Я поднял ее и прислонил спиной к стволу. Пот выступил на ее висках и над верхней губой, глаза подрагивали под опущенными веками.
– Джером… – позвала она тихо.
– Что, Хенн? Сиди тихо, сейчас я…
– Джером. – Она подняла руку, взяла меня за затылок перепачканными пальцами, оставляя кровь на моих волосах. – У меня там чучело медведя. И если… Мы отсюда не выйдем.
– Какого медведя? – спросил я, холодея.
– Пещерного.
Я сжал зубы. Когда Шивер оживит медведя, то получит боевую машину более страшную, чем медведь живой.
Конечно, он вооружался не против меня. «Когда Данце настигнет меня, у меня будет что ему предложить». Я просто не вовремя попал между молотом и наковальней, и теперь за меня расплачивалась Хенн.
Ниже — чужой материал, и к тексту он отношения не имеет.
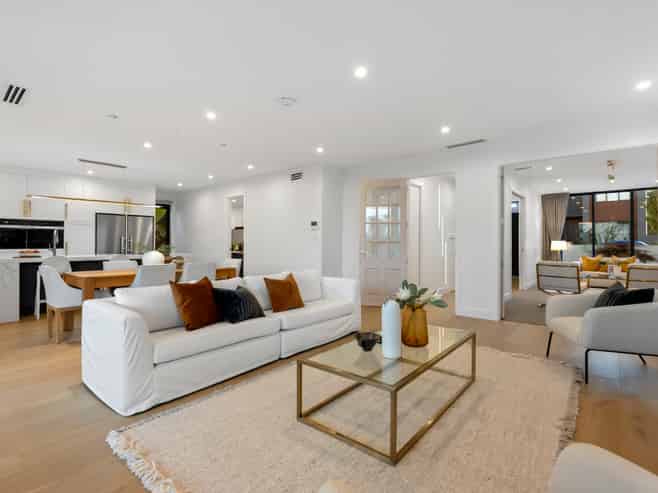 7 Hopetea Street, Long Bay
– Возьми мою сумку. – Охотница облизнула губы, ее начала колотить мелкая дрожь, щеки пошли пятнами, словно ее кто-то держал за лицо безжалостными холодными пальцами.
– Хенн, мы успеем. Я подниму тебя на дере…
– Не перебивай меня, я и так плыву.
Я замолчал, слушая.
– У меня в сумке есть ламповое масло. И огниво есть. Он… Там не песок, опилки. Сожги его, Джером. Прости меня, это я виновата.
Рука ее упала без сил, голова склонилась, закатились глаза, обнажив узкую полоску белка под опустившимися ресницами. Девушка потеряла сознание.
Я нашел то, что мне было нужно, быстро, содрогаясь от каждого хруста в лесу за спиной, и, потратив минуту на поиски подходящей палки, соорудил жалкий факел из обрезков льняной штанины Хенн, пропитанных маслом. Трут, найденный в сумке вместе с огнивом, я примотал туда же, кресало и потертый кусок кремня сунул в карман и пошел вперед по дороге.
Я понимал, почему она замяла разговор о втором чучеле. Пещерный медведь был редким зверем, из тех, что почти уже не ходят по земле, и охота на него не приветствовалась. Особенно Хенн не хотелось рассказывать об этом мне. Я вспомнил, как одернул девушку, когда она заболталась, и мне стало не по себе. Теперь я не знал, услышу ли когда-нибудь еще ее голос.